John Klensin, AT&T's vice president of Internet architecture and a longtime Internet scientist, spoke about DNS at a New York meeting with AT&T Bell Labs specialists. He said he has spent a "frightening" amount of time the past couple of years considering the system's international implications.
"The latest manifestation of this has been the worldwide panic over the lack of ability to write domain names in other than Roman-based characters," Klensin said. "We somehow slipped over a boundary between these (names) as simple identifiers and as words and mnemonics and trademarks." The difficulty lies in creating a set of matching rules to ensure a certain string of letters translates or "maps" to only one IP address, regardless of case -- early computer navigation systems were case sensitive -- leading to people ending up at unintended destinations. Today, it does not matter if people type yahoo.com, Yahoo.com or YAHOO.COM, they still get to the search engine site. But even that system encounters problems before leaving English, Klensin said. "You have people wanting British and American spellings to match, people who think it's ridiculous to have to remember whether 'joe's-pizza.com' is spelled with or without a hyphen," he said. "As we move towards other character sets, these problems turn from very irritating and confusing to total breakdown."

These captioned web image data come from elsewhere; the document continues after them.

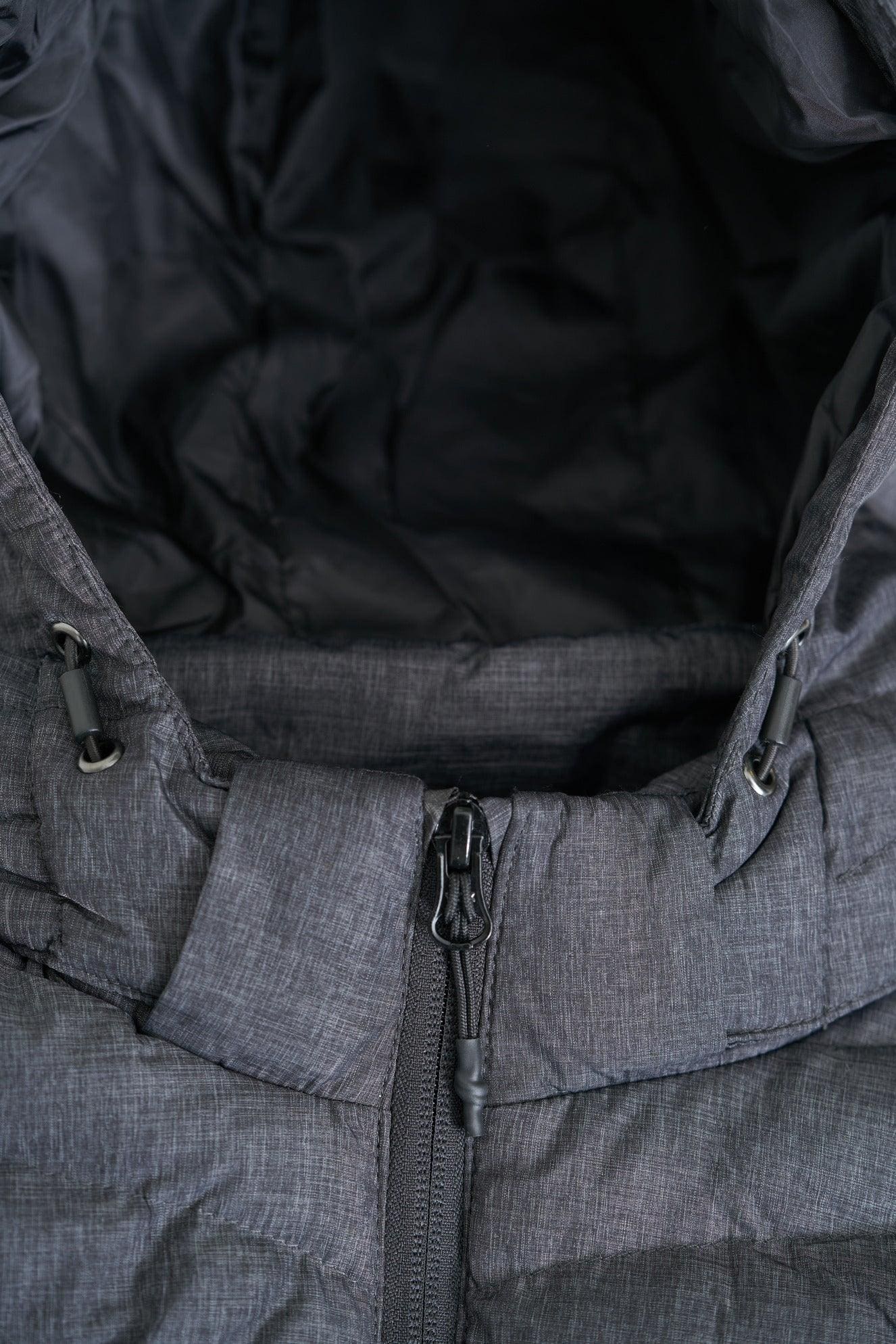 Gløde Elektrische Verwarmde Bodywarmer Heren Grijs - Gløde 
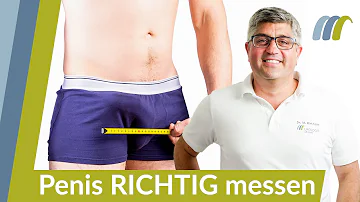 Wie kann ich meine Größe messen?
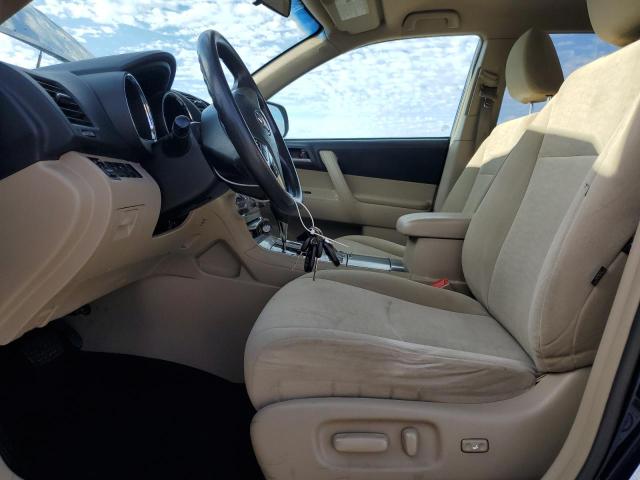 Zdjęcie 7 z aukcji – 2013 TOYOTA HIGHLANDER z VIN 5TDBK3EH6DS193289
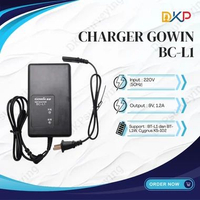 Charger GOWIN BC - L 1 untuk baterai Total Station GOWIN TKS 202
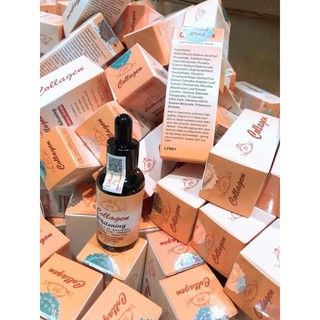 Serum collagen 701 trắng da, phục hồi da,  thâm nám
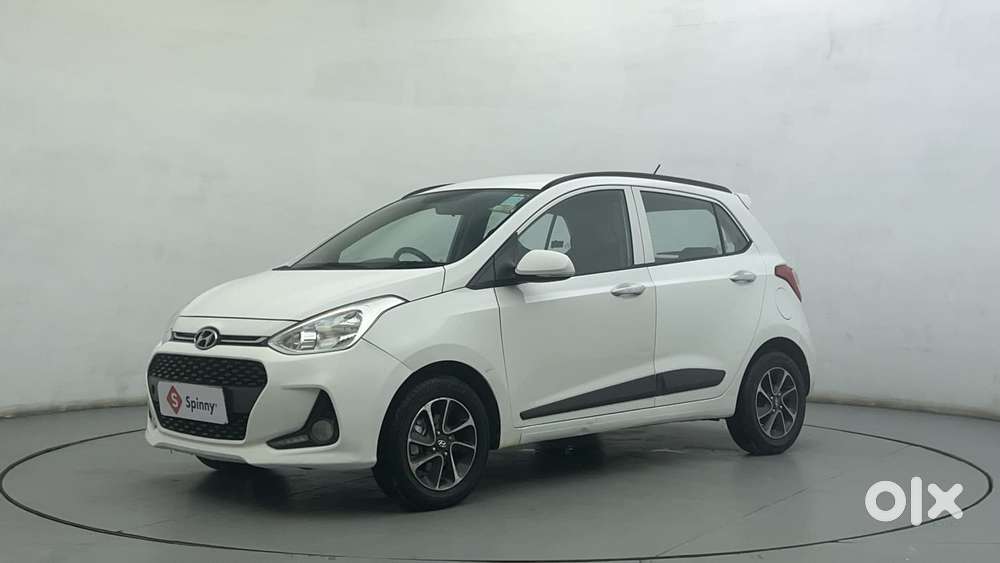 Hyundai Grand I10 1.2 Kappa Asta, 2017, Petrol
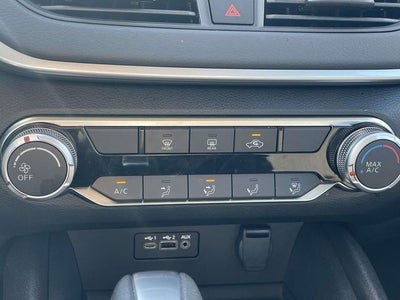 2025 Nissan Altima 2.5 S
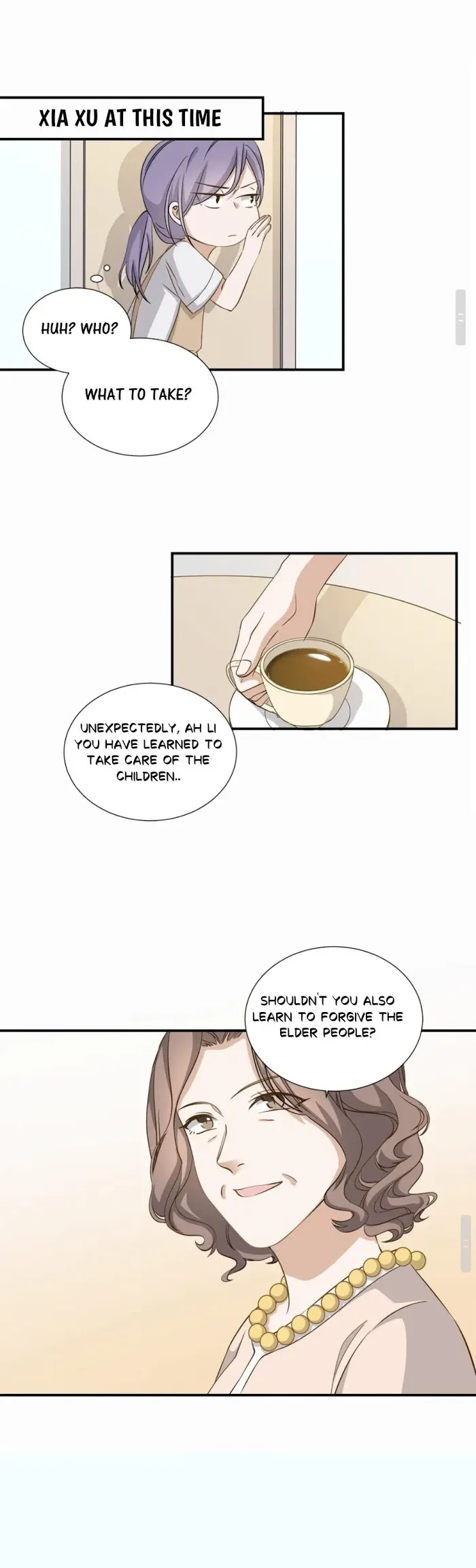 Invite A Wolf Into The House - Chapter 13 Page 11
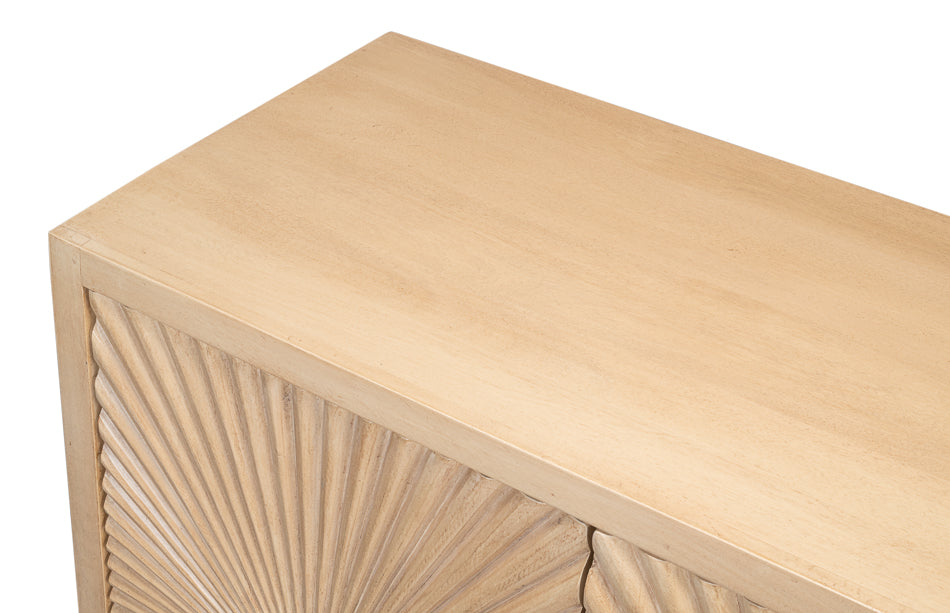 Rayon Four Door Sideboard
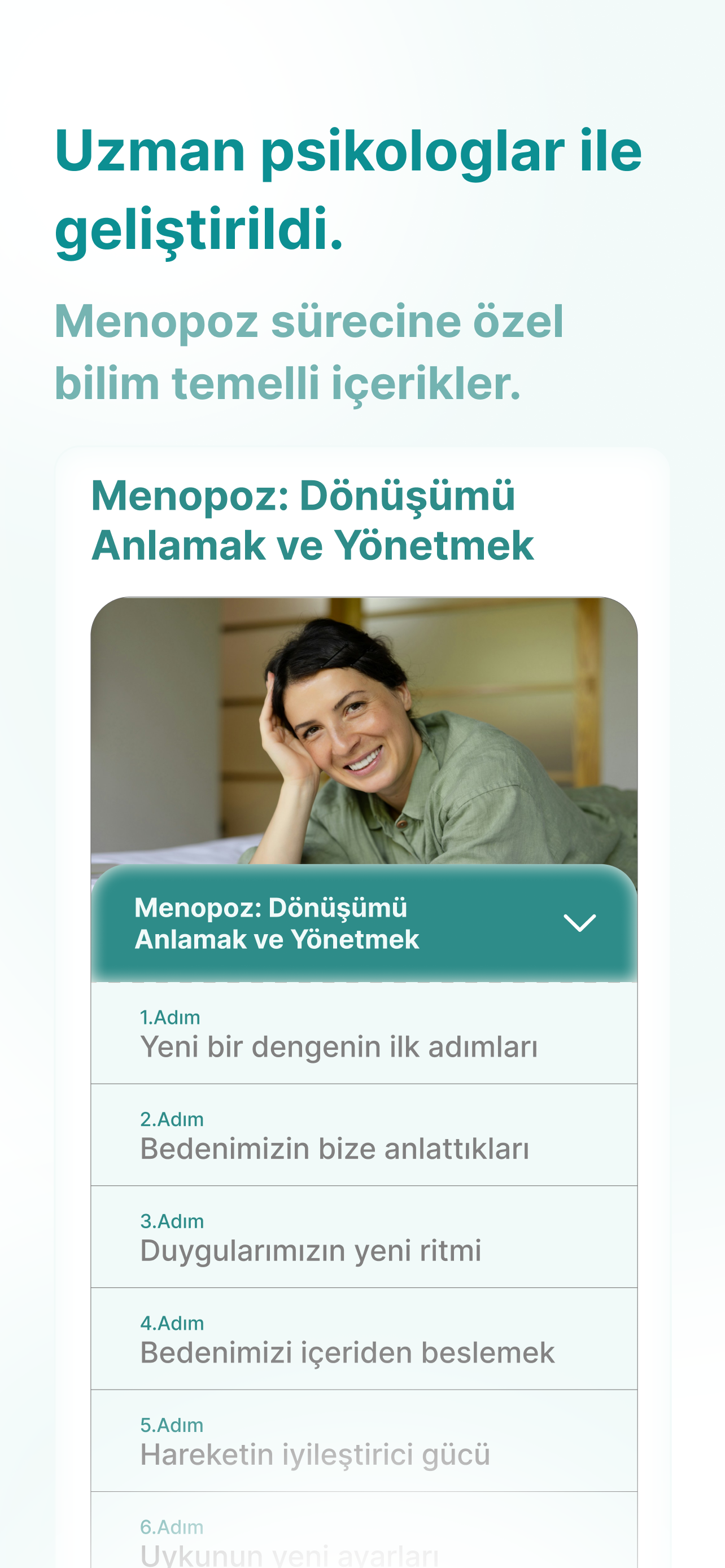Midrise: Menopause Support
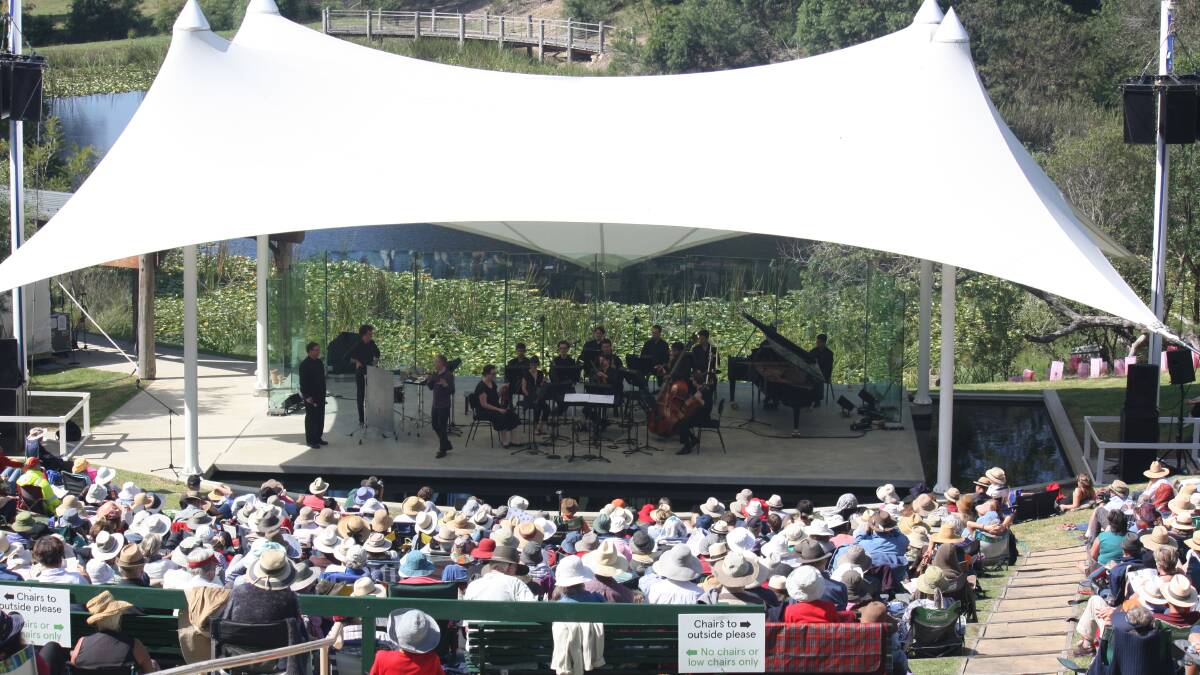 Four Winds music festival to become annual fixture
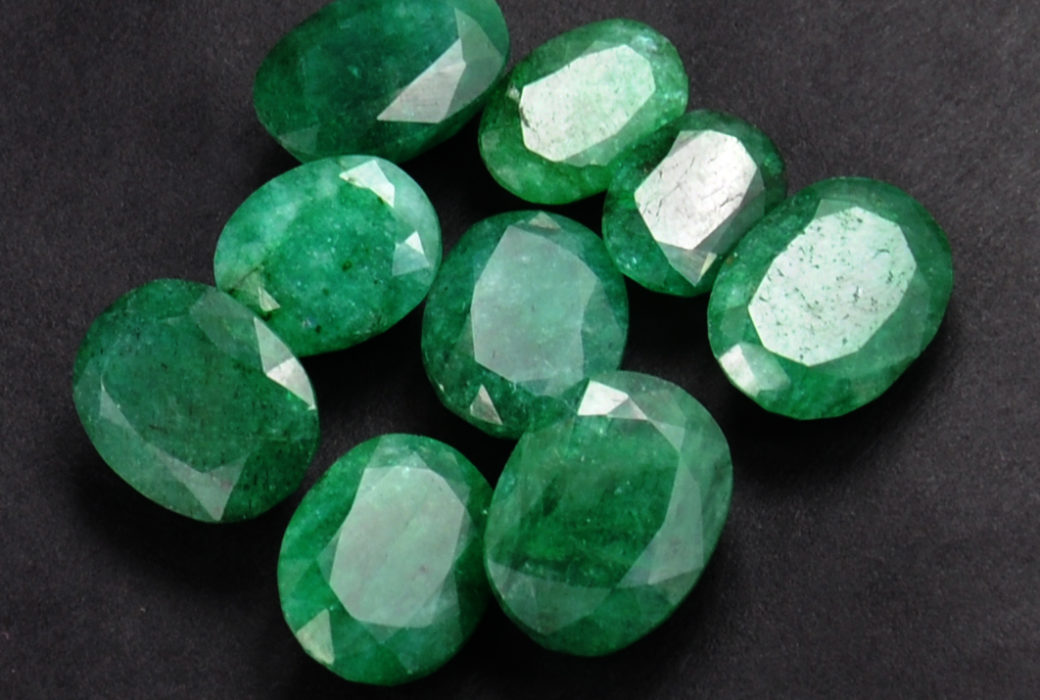emerald green meaning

In French, for example, an accented 'a' loses the accent mark when it is uppercase -- except in Quebecois French. In the caseless Web, this less-than-absolute rule could lead to someone typing a domain name with an accented 'a' and the DNS would have no way to decide if the French-Canadian site or the European French site was the intended destination. There also are cases where geographically adjacent languages, such as Swedish and German, have dissimilar written characters that mean the same thing. Then there are the Asian languages, where even attempts at a common character set yield different meanings in each country. Again, the worldwide DNS has no way of accommodating these circumstances. "This complex, expansive set of problems isn't the identifier problem we were dealing with 20 years ago," Klensin said. "It's language and culture, things about which people are extremely sensitive and go to war over." Other countries are concerned that their populations do not speak English, Klensin said. They are painfully aware that educating everyone in a second language is nearly impossible, particularly where literacy in the mother tongue is low.
Solving this dilemma will mean changing how we describe the names of things on the Web, he said. In doing so, computer scientists will have to alter the interface humans use to communicate with their PCs. The Internet Engineering Task Force is working on the problem, but Klensin said the group might come up with only a part of the final solution or solve the wrong problem.
"The solution will require more rules about how you use language, which might be incomprehensible and insulting to most of the users of those languages," Klensin said. "We're going to end up with more search-based technologies ... in ways which put some of these choices back in the hands of human beings."
For example, navigating the Web could become a series of steps quite similar to using a search engine. Type a domain name in any language and the computer would find possible matches and ask the user if that is what he really wanted, he said. The idea of browsing through links of information is not going to go away, however.